In the records that follow, count the lines where the string "Ford" appears, and give the count with nothing added.

Crawled caption data
--- START ---

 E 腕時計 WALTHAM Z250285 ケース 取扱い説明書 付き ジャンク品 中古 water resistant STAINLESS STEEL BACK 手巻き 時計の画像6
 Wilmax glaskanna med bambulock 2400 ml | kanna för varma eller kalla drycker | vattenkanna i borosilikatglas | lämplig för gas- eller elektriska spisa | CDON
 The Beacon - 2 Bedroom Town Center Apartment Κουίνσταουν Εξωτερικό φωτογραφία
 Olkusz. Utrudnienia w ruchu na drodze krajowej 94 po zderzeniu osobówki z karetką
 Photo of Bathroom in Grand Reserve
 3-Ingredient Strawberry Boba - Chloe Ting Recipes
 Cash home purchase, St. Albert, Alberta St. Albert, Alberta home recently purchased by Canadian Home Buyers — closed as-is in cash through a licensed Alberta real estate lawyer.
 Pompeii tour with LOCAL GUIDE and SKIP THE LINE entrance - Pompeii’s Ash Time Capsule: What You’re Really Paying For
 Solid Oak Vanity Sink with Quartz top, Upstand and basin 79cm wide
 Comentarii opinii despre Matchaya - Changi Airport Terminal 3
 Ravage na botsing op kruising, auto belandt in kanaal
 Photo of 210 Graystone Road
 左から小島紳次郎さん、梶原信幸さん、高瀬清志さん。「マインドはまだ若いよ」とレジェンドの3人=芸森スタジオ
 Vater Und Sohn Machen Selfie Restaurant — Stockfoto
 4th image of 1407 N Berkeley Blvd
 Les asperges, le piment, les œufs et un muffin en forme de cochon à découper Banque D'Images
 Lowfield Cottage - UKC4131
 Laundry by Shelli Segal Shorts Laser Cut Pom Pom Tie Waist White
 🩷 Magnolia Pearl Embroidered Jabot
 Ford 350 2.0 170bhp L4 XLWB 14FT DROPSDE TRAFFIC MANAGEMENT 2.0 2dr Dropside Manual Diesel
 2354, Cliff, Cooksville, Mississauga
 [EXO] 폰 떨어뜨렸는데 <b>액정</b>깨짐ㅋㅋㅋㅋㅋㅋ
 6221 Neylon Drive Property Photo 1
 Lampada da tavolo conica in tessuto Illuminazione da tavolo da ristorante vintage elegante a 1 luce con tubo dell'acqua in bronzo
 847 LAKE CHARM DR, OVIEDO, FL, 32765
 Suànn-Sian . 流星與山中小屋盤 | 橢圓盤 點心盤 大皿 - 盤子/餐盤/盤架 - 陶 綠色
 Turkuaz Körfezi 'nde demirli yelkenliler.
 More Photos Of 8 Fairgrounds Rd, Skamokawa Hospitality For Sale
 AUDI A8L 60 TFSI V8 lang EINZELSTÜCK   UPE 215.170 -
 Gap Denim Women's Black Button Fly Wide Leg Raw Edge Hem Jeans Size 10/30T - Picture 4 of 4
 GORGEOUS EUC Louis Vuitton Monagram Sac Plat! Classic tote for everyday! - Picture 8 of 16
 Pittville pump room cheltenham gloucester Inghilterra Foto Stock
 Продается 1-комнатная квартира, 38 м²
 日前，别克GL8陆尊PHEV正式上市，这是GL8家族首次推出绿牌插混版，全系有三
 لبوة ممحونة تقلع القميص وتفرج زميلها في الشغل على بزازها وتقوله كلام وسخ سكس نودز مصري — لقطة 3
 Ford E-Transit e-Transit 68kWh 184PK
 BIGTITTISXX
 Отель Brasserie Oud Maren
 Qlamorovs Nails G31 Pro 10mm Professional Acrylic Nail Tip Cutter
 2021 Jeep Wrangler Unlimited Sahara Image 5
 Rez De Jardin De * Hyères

--- END ---

**Exercise output:**
2